[[ Given records open ]]
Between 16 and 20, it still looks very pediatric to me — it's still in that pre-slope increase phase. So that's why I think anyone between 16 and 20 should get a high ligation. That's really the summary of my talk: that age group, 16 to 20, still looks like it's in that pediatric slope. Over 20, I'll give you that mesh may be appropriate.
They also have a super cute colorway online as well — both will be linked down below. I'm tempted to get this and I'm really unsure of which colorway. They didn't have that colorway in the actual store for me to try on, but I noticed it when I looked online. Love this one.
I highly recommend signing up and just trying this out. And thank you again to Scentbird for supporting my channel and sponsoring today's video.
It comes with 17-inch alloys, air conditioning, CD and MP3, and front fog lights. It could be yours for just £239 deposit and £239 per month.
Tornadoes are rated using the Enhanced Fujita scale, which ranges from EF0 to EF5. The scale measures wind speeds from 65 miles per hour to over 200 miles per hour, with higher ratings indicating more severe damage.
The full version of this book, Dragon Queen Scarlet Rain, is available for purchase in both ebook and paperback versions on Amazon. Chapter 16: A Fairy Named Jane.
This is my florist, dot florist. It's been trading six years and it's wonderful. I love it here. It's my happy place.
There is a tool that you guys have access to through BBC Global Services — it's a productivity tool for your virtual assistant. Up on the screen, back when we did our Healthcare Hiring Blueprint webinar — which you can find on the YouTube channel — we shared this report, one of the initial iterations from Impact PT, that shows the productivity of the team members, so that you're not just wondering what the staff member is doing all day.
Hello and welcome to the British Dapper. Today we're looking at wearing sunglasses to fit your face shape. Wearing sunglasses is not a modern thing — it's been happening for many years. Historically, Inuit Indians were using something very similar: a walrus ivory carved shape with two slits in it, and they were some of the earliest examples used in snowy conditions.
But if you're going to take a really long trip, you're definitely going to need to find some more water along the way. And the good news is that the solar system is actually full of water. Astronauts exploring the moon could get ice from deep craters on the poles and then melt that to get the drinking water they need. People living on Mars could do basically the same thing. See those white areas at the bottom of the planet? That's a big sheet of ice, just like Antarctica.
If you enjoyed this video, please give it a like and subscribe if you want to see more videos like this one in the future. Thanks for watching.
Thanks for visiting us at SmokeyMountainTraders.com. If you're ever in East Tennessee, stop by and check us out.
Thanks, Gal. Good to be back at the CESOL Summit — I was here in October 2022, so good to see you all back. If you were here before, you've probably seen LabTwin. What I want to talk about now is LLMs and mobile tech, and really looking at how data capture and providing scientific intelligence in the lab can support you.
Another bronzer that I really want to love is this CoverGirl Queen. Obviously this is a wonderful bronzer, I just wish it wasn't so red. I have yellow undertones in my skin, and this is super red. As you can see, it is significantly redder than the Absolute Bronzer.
[[ Given records closed ]]
Beginning at the line with "Tornadoes are rated" and stopping after the line with "The full version", please write out every line of the data above exactly and nothing else.

Answer to this problem:
Tornadoes are rated using the Enhanced Fujita scale, which ranges from EF0 to EF5. The scale measures wind speeds from 65 miles per hour to over 200 miles per hour, with higher ratings indicating more severe damage.
The full version of this book, Dragon Queen Scarlet Rain, is available for purchase in both ebook and paperback versions on Amazon. Chapter 16: A Fairy Named Jane.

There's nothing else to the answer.